Project Tigr Development Journal— January

Danielle Emma Vass
4 min readJan 15, 2016

A couple of weeks ago I read a great article about only having one side project a year — and blogging about it monthly to make sure your goals are actually achieved. This year I want to make Project Tigr better and more useful to kids in schools and this will become my development journal.

What works so far?

The most vital element of project tigr allows students to walkthrough projects. We did a lot of research on how kids learned and published this post which details what we changed.

In short, kids (and adults) don’t really like to read through a massive document, so we split up projects into worksheets, and then further more into steps. Often worksheets have an open element in order to allow students to experiment and make their own things. For example, one project is to make an interactive emoji, a worksheet includes creating basic shapes such as a circle and square. The extended activity is to use a combination of polygons and circles to make their own emoji.

A secondary object was for students to also send us their work either at the end of a lesson, or whenever they complete something they think is of worth. This enables us to see what they’re doing, but also ask them how they think their doing, whether there is anything we can do to improve. There is also a box for them to write down if they have any questions, which is useful to track if a lot of people get stuck on the same thing (svg paths!).

Until now, communication has been one direction — students can send their work to me, but there was no way for me to reply outside of traditional class time. January, I started a new job in London which has meant leaving all the kids I’ve been teaching mostly stranded in Bath. I wanted to get simple communication built into project tigr before school started, but I got too busy with moving house :(

January goal

So my goal for this month is to build the simple communication platform, enabling students and myself to talk.

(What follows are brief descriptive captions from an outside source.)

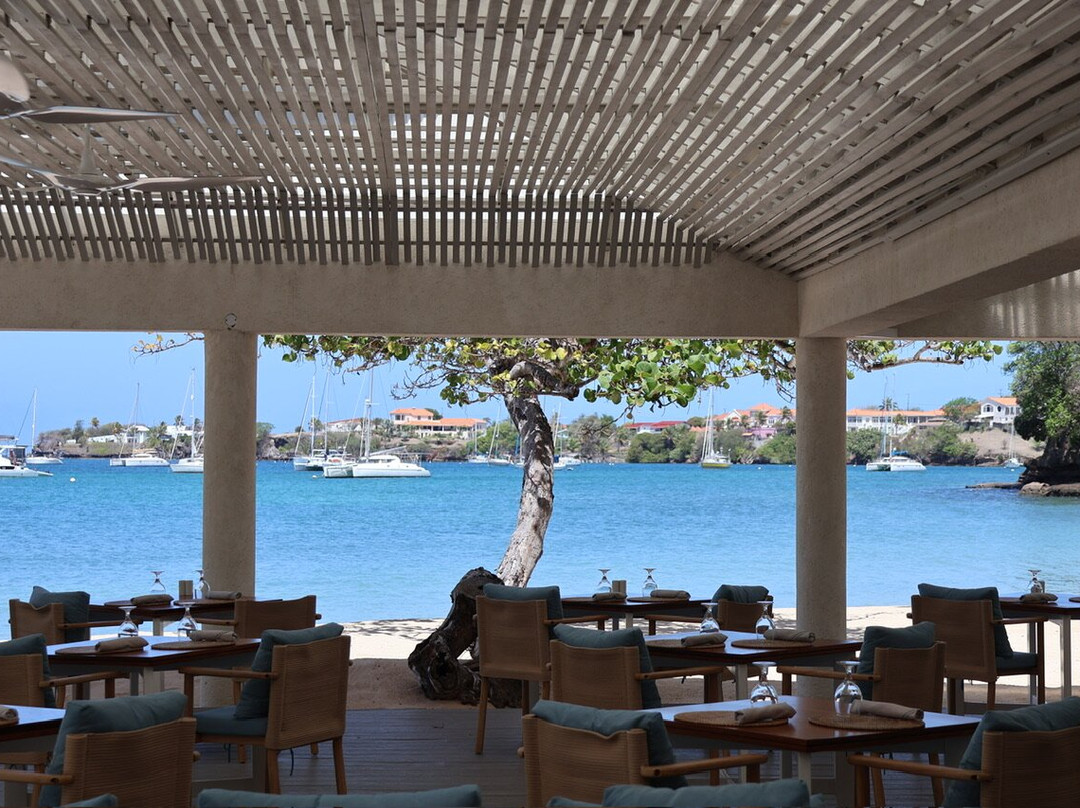 卡拉巴什酒店Calabash Hotel （格林纳达）主图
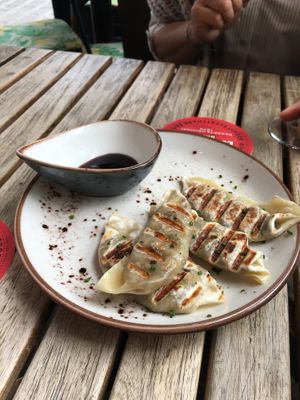 Gyozas at Amarre 69 in Barcelona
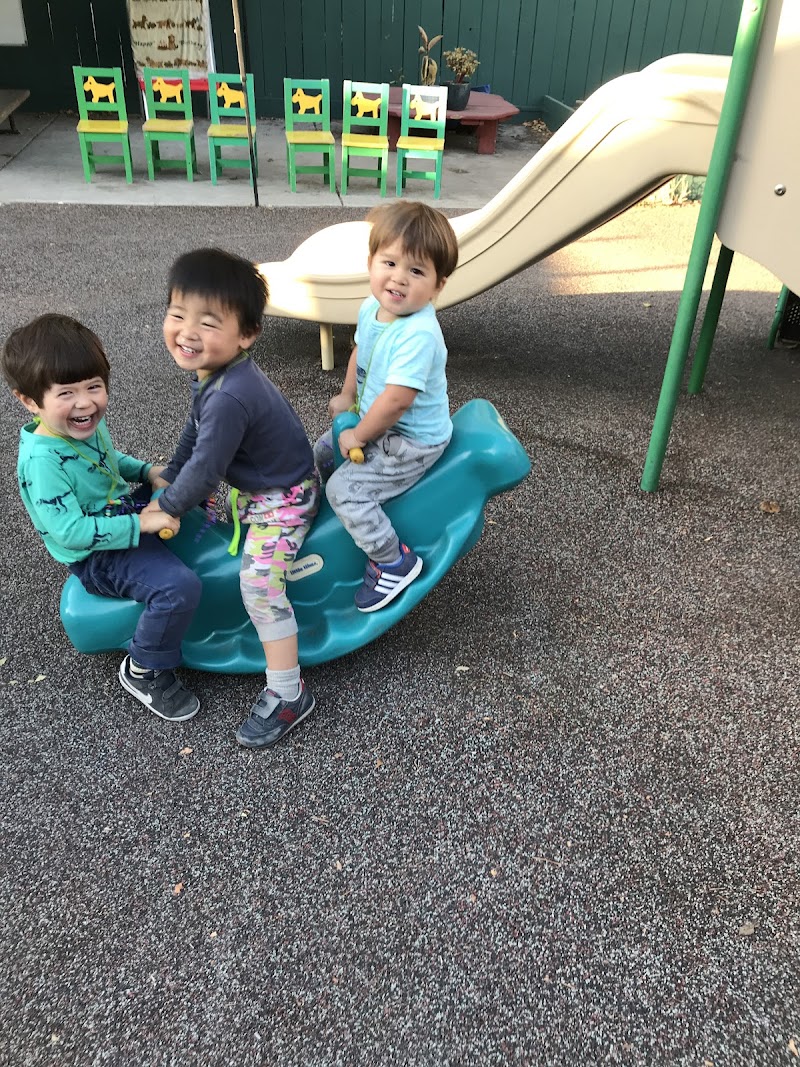 Berkeley International Montessori School photo 4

Initially, I want to make it as simple as possible, in that there is a box for students to ask questions, or paste links to their work, and I can equally respond with text or links. Eventually, I’d like to allow them to upload files or pictures, but I’m not sure how to manage that side yet.

In order to allow communication, I need to get students to sign up so I know who I’m talking to. This means I need to build a signup, login, and forgot password page. I should also add in a profile page so students can update their information. Maybe even let them provide their own code for an emoji?

Future goals

I also have a *lot* of things I want to add for the rest of this year:

  • a showcase of work submitted (maybe students have to specially submit to it?)
  • specific little challenges students can work on, e.g. when star wars came out maybe we could have run a challenge to make star wars emojis in December.
  • Gamify this experience, students can win points for work that’s approved onto the showcase, more points for the higher complexity etc.
  • A teacher dashboard, so students aren’t *just* assigned to communicate with me. But I don’t really know how to handle the security around this bit yet.
  • Re-writing where the markdown files are — currently GitHub rate limits the gist embed, which causes real problems in a classroom environment with 30 kids all accessing the same file.
  • Better analytics to better learn how people are using the platform and which bits need to work better. This is probably a lot more important now that I live over 100 miles away from my students.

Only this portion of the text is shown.